また、ネガティブな感情にとらわれないためにも、忘れることは重要です。
記憶の消去が行われるのも最初の深いノンレム睡眠のときとされていますが、最近の研究でレム睡眠も関わっていることがわかりました。
このように、記憶の整理と定着には、睡眠すべての段階が必要なのです。
試験勉強やスポーツ練習のあとは、とくにしっかり眠って、脳のもつ記憶の働きを助けましょう。
4免疫力を上げて抵抗力を高める。
サイトカインという生理活性物質が体を休ませる指令を出す
短い断眠は交感神経を活発にし、免疫力を上げるという報告もあります。
ですが、睡眠不足による免疫力の低下は明らかです。
免役はホルモンと連動しているので、睡眠不足などでホルモンバランスがくずれると、正常に機能しなくなります。
とくに、代謝に関わる成長ホルモン(グロースホルモン)は、最初のノンレム睡眠が現れないと分泌が激減し、傷ついた細胞の修復に差し支えます。
結果、免疫力が低下し、菌やウイルスが侵入しやすくなってしまうのです。
風邪やインフルエンザにかかると、熱が上がって苦しくなり、とても眠くなります。
これは免疫が正しく機能している証です。
ウイルスが体内に侵入すると、その情報を受け取った免疫細胞が、別の免疫細胞にサイトカインという生理活性物質の一種を出して指令します。
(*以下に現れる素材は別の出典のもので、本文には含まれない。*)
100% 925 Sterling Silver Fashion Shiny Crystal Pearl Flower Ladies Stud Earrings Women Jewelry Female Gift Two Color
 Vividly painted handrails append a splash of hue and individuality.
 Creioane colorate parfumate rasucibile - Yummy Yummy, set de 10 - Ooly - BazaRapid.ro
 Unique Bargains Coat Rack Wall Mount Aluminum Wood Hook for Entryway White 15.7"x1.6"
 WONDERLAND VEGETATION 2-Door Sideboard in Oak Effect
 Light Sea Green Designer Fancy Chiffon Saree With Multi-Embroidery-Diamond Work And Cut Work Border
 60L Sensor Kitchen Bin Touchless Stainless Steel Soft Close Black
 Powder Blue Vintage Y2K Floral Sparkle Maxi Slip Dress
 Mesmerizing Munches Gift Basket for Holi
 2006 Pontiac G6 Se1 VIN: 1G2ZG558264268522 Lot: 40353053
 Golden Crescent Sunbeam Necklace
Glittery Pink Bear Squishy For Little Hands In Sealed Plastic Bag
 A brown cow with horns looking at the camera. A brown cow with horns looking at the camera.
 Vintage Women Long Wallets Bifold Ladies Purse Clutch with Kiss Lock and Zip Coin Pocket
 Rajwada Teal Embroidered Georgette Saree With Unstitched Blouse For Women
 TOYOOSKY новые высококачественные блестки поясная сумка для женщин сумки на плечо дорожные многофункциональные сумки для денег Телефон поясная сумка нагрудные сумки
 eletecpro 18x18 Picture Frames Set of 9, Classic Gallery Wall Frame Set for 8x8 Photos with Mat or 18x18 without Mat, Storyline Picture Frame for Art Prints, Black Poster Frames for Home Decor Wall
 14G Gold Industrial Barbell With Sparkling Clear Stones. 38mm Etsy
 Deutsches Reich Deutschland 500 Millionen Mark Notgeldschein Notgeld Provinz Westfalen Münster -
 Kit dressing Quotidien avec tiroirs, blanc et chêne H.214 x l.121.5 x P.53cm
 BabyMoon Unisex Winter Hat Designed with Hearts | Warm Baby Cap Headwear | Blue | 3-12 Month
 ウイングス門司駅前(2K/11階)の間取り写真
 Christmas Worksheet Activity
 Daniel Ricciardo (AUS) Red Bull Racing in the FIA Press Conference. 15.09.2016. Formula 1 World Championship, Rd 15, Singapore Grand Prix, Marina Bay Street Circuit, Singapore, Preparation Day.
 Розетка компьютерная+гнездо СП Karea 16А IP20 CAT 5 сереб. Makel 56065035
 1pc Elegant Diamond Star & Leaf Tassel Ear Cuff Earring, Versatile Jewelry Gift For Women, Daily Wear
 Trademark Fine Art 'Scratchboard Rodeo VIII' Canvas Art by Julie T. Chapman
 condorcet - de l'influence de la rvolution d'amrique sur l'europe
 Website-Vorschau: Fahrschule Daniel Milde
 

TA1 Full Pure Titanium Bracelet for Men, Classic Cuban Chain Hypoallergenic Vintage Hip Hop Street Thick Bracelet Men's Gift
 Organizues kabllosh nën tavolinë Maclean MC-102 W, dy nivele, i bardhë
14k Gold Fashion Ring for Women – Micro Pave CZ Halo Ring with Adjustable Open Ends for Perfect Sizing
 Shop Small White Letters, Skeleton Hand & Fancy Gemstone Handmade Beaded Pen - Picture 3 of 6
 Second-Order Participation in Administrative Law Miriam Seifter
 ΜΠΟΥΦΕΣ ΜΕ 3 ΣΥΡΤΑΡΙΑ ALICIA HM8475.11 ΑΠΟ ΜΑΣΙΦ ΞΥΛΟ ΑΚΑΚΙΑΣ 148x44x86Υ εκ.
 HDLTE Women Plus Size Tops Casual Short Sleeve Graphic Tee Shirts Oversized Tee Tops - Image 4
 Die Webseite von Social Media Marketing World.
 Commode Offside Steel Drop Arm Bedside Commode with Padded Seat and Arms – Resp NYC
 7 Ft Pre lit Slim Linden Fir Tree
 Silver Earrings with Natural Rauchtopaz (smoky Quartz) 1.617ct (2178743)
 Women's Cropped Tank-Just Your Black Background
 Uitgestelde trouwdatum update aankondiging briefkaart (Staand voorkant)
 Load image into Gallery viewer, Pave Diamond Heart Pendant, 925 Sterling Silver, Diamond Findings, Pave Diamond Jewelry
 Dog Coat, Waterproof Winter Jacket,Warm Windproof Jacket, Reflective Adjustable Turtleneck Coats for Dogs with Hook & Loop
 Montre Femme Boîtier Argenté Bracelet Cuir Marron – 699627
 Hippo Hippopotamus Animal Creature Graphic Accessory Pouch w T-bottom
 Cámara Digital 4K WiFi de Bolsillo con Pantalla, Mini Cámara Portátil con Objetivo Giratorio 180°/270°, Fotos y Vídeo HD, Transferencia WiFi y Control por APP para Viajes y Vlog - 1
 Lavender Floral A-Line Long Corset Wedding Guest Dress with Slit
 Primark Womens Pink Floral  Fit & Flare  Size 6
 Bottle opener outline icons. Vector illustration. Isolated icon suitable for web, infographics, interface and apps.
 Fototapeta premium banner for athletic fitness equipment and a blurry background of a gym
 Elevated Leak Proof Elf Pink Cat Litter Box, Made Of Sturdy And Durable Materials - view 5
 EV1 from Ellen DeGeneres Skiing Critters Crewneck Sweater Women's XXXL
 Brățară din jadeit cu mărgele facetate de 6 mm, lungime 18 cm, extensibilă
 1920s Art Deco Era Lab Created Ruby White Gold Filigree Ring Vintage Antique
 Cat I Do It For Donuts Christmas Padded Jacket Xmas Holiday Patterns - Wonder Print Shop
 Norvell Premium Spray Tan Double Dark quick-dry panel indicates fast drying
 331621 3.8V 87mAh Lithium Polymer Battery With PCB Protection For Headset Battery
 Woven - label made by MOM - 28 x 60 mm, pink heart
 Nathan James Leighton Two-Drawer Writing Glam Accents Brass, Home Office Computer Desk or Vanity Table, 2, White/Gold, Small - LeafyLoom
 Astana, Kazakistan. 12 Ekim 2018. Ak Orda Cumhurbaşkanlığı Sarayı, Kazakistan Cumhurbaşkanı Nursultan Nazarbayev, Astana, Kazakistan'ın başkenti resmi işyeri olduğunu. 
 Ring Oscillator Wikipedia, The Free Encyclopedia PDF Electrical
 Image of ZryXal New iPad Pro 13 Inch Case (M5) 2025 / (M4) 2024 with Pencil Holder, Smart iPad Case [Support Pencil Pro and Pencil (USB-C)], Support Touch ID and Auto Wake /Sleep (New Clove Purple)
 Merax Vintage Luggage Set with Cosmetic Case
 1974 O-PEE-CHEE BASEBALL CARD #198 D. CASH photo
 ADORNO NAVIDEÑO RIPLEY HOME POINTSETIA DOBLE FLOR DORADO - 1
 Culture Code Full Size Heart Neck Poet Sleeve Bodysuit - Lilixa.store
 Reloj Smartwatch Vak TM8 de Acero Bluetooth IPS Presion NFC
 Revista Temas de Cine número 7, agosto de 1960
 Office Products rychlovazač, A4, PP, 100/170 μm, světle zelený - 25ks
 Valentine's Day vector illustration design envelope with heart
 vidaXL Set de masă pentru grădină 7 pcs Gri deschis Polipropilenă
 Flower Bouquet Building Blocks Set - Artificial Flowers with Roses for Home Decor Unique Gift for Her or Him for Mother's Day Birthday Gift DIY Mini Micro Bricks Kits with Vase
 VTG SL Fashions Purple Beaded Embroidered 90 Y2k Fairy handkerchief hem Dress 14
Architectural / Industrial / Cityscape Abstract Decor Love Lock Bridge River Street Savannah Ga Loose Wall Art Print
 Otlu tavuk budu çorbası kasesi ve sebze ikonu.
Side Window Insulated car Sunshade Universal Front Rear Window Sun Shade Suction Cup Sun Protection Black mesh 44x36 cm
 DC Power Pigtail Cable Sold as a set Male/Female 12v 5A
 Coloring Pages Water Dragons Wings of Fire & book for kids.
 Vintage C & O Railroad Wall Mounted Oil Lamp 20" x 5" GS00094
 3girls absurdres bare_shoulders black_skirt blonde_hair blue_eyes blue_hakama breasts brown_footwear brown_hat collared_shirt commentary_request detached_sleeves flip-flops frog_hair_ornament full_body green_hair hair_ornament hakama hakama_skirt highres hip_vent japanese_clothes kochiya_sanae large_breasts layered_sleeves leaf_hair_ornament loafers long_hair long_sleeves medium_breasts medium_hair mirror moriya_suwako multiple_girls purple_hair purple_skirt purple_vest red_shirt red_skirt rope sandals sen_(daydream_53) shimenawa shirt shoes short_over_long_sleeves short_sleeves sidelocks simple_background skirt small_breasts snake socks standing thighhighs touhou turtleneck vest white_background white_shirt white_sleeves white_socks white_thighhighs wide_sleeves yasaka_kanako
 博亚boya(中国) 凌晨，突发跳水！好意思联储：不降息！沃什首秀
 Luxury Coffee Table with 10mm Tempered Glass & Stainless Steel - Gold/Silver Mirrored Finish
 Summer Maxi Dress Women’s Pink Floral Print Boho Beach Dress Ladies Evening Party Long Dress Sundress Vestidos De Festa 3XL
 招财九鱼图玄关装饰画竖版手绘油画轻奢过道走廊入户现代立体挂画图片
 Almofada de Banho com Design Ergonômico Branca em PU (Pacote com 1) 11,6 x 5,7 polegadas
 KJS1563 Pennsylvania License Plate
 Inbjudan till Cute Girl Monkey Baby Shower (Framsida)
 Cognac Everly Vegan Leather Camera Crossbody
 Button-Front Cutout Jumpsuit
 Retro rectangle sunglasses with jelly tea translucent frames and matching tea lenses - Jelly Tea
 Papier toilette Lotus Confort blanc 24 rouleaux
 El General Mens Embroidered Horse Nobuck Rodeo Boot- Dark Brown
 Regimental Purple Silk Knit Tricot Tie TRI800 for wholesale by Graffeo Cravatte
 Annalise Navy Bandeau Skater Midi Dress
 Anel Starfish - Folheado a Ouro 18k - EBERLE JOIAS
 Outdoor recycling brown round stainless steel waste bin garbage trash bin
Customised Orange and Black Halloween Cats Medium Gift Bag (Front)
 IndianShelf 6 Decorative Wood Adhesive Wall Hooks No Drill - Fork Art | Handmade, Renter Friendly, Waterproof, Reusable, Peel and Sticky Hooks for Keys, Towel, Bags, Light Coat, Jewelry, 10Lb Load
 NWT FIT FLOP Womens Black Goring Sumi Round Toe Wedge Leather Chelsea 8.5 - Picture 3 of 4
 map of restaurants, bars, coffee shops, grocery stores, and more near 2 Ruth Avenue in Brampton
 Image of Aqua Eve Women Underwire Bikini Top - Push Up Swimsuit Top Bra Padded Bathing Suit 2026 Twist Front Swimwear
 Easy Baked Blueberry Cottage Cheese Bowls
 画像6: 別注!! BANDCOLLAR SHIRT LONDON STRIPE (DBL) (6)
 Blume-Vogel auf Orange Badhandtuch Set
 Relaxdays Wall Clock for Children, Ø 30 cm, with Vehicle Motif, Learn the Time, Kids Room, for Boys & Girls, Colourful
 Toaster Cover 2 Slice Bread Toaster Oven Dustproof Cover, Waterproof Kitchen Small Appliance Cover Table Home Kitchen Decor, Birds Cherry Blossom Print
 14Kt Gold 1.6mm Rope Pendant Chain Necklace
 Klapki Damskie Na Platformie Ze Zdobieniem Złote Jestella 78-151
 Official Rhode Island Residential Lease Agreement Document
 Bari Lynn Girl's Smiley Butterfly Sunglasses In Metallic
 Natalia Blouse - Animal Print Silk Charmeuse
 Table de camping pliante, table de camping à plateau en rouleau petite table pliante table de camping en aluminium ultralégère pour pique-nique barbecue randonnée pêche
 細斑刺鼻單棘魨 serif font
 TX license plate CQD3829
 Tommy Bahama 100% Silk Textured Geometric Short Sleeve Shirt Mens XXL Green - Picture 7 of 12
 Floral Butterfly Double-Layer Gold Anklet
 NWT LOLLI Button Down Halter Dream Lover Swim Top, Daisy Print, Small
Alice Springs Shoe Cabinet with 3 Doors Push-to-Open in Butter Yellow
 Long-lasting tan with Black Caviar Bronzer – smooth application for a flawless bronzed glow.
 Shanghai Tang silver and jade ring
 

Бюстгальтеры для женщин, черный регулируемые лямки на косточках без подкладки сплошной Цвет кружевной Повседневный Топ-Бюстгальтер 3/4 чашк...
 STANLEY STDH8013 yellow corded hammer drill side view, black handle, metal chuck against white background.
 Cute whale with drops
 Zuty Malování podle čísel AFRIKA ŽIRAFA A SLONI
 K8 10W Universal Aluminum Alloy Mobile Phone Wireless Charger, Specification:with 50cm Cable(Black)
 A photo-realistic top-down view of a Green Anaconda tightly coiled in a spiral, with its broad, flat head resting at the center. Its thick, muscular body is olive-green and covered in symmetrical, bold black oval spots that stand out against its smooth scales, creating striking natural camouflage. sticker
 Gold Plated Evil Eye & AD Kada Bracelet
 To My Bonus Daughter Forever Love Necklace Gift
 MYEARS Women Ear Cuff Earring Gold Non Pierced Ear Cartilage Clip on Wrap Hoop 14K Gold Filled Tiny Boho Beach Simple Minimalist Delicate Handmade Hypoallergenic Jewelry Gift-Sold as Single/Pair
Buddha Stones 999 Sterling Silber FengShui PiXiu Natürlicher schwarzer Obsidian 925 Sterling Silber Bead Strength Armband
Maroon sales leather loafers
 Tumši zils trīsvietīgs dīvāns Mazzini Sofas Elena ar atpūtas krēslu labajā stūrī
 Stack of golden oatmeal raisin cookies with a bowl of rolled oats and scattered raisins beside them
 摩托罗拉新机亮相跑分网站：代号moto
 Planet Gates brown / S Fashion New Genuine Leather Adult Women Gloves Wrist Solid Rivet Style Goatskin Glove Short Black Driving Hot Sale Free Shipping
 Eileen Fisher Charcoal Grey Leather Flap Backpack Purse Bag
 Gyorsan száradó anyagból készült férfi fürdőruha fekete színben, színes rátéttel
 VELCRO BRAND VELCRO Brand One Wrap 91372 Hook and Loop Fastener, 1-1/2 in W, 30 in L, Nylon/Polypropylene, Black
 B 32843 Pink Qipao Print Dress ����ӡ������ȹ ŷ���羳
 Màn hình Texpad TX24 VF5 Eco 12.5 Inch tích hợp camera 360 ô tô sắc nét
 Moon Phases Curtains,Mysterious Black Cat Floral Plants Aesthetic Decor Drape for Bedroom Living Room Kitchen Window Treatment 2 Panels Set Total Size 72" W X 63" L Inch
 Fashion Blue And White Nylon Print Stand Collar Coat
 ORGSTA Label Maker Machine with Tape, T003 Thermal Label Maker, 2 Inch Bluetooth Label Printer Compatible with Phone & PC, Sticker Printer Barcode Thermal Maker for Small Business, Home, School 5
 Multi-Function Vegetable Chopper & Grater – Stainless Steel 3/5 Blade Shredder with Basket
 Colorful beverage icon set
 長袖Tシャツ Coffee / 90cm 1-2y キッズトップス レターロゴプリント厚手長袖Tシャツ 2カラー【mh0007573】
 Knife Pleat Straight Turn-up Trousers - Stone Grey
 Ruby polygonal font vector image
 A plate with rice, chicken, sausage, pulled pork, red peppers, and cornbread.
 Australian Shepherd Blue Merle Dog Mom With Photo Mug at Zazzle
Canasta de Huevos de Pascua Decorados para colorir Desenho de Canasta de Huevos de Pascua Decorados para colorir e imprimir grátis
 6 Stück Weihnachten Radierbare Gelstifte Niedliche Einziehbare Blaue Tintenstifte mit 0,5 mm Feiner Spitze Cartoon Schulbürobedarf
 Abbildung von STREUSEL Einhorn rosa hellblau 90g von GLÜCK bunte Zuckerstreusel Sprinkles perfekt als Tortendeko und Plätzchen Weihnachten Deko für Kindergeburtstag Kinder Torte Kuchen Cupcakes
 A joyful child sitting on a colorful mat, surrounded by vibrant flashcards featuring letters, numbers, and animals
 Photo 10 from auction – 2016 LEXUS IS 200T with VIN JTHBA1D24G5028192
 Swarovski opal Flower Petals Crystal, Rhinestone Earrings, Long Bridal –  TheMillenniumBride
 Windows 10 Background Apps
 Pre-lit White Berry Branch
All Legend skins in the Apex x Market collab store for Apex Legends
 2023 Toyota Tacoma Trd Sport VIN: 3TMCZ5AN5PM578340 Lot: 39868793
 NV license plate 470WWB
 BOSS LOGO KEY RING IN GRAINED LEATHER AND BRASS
すると、指令を受けた細胞が、ウイルスに感染した細胞への攻撃をはじめます。
このときサイトカインは、免役細胞が十分に機能してウイルスと闘えるよう、体温を上げ、体を休めるなどといった指令も出してサポートしています。
そのため熱が出たり、眠くなったりするのです。
免役が正しく機能するよう、適切な睡眠で体を整えておくことも大切なのです。
5脳の老廃物を除去する
人の体を構成する37兆個もの細胞はそれぞれ代謝を行い、それにともなって老廃物が生じます。
老廃物はリンパ組織などを摂宇して、細胞外へ排出されます。
脳の重さは成人で約1200~1400グラムと、体重のたった2%程度にもかかわらず、ほぼ休みなく活動するため、体全体の約18%ものエネルギーを消費していると言われています。
代謝が活発に行われると、そのぶん老廃物も多く生じます。
ところが、脳にはリンパ組織がありません。
その代わりに脳の老廃物は脳内をめぐる脳せき髄液という液体で、洗い流されています。
この働きを、グリンパティックシステムといいます。
老廃物の除去はおもに睡眠中に行われているため、睡眠不足が続くと老廃物の処理が十分にできなくなり、蓄積されてしまいます。
なかでも、使い終わったたんぱく質(アミロイドβ前駆体)の代謝によって生じる老廃物、アミロイドβがたまると、脳に老人斑というシミをつくり、アルツハイマー型認知症の原因となると考えられています。
アミロイドβの蓄積は高齢になってからではなく、認知症発症の20年も前からはじまるといわれます。
若い頃からたまった睡眠不足が認知症に影響すると考えられるのです。